Spaltung nicht vom Tisch

Bei der FPÖ ist es ähnlich: Norbert Hofer war ein konziliant­es Regierungs­mitglied, passt aber nicht zum aggressive­n Opposition­skurs, zu dem die Partei wohl zurückkehr­en wird. Klubobmann Herbert Kickl steht dafür. Die Partei hat sich nach dem Ibiza-Desaster gestern neue Compliance-Regeln verordnet. Aber ein echter Neustart schaut anders aus. Auch eine Spaltung – sollte HeinzChris­tian Strache in Wien antreten – ist noch nicht vom Tisch. Gestern wechselten wieder drei blaue Bezirksrät­e (aus Wien-Favoriten) zur blauen Abspaltung DAÖ.
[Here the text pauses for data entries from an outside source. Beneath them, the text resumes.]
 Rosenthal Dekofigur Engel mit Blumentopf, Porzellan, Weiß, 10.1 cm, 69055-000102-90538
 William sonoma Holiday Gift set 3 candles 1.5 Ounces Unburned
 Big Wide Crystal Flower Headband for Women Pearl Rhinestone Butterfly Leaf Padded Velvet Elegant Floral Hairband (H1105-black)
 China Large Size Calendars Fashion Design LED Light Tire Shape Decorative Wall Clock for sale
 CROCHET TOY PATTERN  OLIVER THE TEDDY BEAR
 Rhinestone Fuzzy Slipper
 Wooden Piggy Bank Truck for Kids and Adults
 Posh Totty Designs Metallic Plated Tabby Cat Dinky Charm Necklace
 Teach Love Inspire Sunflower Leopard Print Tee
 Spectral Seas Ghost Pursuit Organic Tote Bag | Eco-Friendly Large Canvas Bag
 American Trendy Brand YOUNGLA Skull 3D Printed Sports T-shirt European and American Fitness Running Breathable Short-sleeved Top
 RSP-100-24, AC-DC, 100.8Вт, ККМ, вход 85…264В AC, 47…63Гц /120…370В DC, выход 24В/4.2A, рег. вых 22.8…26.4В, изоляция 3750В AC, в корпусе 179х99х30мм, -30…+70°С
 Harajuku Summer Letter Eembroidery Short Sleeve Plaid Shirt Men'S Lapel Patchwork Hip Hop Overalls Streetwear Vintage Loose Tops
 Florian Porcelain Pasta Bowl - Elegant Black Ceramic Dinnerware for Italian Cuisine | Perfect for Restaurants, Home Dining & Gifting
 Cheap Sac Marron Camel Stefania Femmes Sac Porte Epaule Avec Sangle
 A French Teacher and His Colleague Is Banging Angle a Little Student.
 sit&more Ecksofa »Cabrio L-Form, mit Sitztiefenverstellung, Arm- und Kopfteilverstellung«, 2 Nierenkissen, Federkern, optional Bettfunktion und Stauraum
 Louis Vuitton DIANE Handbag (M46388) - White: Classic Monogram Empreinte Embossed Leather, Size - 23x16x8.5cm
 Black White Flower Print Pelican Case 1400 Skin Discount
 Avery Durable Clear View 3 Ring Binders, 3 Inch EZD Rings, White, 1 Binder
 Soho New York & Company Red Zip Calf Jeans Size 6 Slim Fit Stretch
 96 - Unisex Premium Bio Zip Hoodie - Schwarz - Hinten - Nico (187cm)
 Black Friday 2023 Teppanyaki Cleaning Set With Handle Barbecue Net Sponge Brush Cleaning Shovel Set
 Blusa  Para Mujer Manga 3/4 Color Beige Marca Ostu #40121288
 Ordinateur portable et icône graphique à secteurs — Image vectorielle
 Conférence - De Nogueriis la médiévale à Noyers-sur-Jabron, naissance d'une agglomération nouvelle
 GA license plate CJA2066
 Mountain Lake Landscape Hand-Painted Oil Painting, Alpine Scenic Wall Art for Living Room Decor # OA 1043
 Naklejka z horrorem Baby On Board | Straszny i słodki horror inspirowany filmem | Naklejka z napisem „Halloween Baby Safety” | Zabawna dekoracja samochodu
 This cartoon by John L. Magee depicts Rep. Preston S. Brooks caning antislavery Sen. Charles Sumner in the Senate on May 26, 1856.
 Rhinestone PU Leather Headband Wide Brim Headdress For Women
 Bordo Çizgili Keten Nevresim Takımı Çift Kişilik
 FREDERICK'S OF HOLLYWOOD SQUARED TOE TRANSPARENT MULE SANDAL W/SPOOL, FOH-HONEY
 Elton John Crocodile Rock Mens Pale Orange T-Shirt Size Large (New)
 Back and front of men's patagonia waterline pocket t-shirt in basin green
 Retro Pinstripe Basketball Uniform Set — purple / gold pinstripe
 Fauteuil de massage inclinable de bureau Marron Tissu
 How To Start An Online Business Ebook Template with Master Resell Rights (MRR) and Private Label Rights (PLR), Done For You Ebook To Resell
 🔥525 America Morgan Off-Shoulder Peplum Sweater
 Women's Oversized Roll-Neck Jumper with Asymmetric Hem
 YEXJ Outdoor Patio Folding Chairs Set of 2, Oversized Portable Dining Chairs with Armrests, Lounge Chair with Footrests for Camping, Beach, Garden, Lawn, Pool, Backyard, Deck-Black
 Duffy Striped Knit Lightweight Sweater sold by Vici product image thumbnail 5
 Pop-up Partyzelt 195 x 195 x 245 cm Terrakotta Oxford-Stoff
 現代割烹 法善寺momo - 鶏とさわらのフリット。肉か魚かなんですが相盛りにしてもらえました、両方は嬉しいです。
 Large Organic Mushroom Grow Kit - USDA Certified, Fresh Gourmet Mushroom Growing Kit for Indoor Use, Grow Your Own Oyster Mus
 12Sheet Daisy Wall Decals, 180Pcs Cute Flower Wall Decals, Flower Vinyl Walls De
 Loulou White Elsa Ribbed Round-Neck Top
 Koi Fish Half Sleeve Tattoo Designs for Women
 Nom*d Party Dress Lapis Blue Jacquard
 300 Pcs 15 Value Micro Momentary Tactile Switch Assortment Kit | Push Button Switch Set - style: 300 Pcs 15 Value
Bleiben die Neos. Krise gibt es keine, aber auch hier sucht man eine neue Nische. Während des Wahlkampfe­s war es die Rolle einer konstrukti­ven Opposition­spartei, die in einer wackeligen Koalition für mehr Stabilität sorgen könnte. Diese Erzählung ist jetzt erst einmal vorbei, was den Pinken sichtbar wehtut. Sie wirken neuerdings ein wenig verbissen, wenn sie nach den Haaren in der Koalitions­suppe suchen.

Nein, 2020 ist wohl nicht das Jahr der Opposition – aber möglicherw­eise das Jahr ihrer Selbstfind­ung.